My excuse is that the bike had to go back to the shop for some work. I have long been a fan of Renegade Cycles, and have probably spent about five grand in their shop over the years. When you add up the bike, major and minor services, jerseys, knicks, shoes, helmets, gloves, pumps, tyres, rebuilds after crashes, computers and so on, the bill gets rather large.
I go there because I like the place. The range of goods is large, the shop is attractively laid out, things are easy to get at and the staff are friendly and knowledgeable. It has its downsides - it's expensive, it's a long-ish drive from home and parking near it is a right bastard. I don't mind a long walk if I am going there to buy a tube, but over the years, I've had to carry broken and un-wheelable bikes from my car to the shop, and that is no fun at all.
After the latest malfunction (brought about thankfully be wear and tear - I don't mind it if things on the bike wear out, as it means I am getting plenty of miles out of it), I decided to try one of our local shops instead. Call it a fit of madness if you like, but I really couldn't face the trek back up to Renegade.
I have tried all our local bike shops in the past, usually for buying small bits and bobs. I don't like any of them - they are cluttered, the parking is not very good (for both cars and bikes), they are badly laid out, with merchandise scattered in an aimless fashion throughout the store (I think I'll put this box of stuff down here and, oh, that one over there); but worst of all, the staff are just not very engaging. It's possible to walk into a local bike shop and stand there with a fist full of cash and be ignored for 10 minutes.

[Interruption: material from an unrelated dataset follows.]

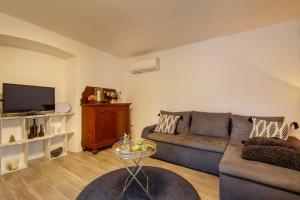 a living room with a couch and a tv at Apartments Kleine Perle Am Meer in Šilo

There's nothing more frustrating than wanting or needing something, having the money to pay for it and then finding that badly trained, disinterested staff are completely uninclined to take it off your hands.
Economic times are likely to be tough over the next year or so. The companies that get my business will be the ones that stand out from the others. The local bike shops aren't going to get it, that's for sure. After getting the bike checked in for a workover, I was told it would be ready the next day, and that they'd ring when it was ready. I got a phone call at lunchtime, but I missed it, and no message was left. If they had left a message to say the bike was ready for pickup, I would have collected it after lunch. As it was, they rang me again less than 10 minutes before closing time, and told me I could come get it. Many other things were less than satisfactory, but I'm sure you don't want to hear about them. I've had more fun having an ingrown toenail removed.

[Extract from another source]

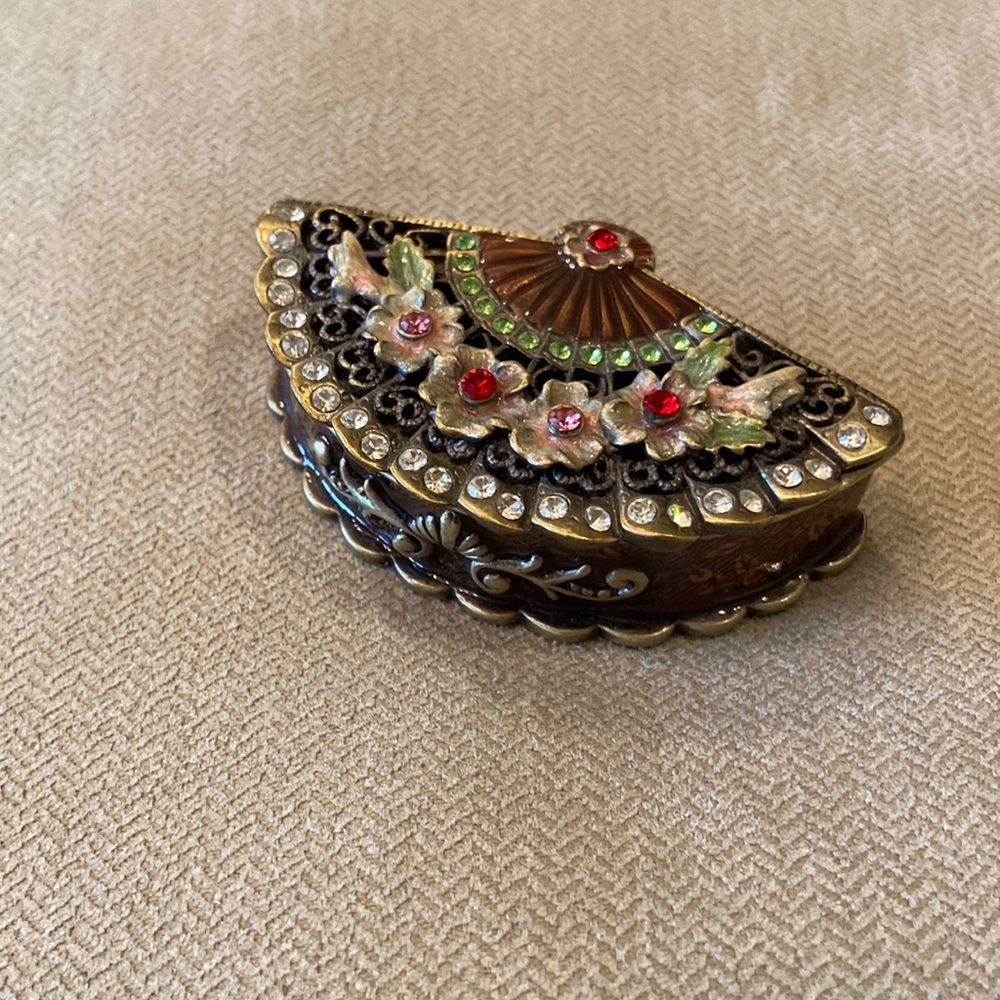 Vintage miniature ornate metal trinket box with magnetic lid.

The only upside is that they fixed the problems, and probably for half the price of Renegade. But I'm buggered if I want to ever go back to them again. This little episode has re-incentivised me to drive to Renegade in order to have my wallet emptied next time I have a problem. If nothing else, when someone takes my money, I want them to look like they are enjoying the process of fleecing me, and to make my part of the transaction as painless or pleasurable as possible.
If nothing else, a recession should drive an awful lot of crap businesses to the wall.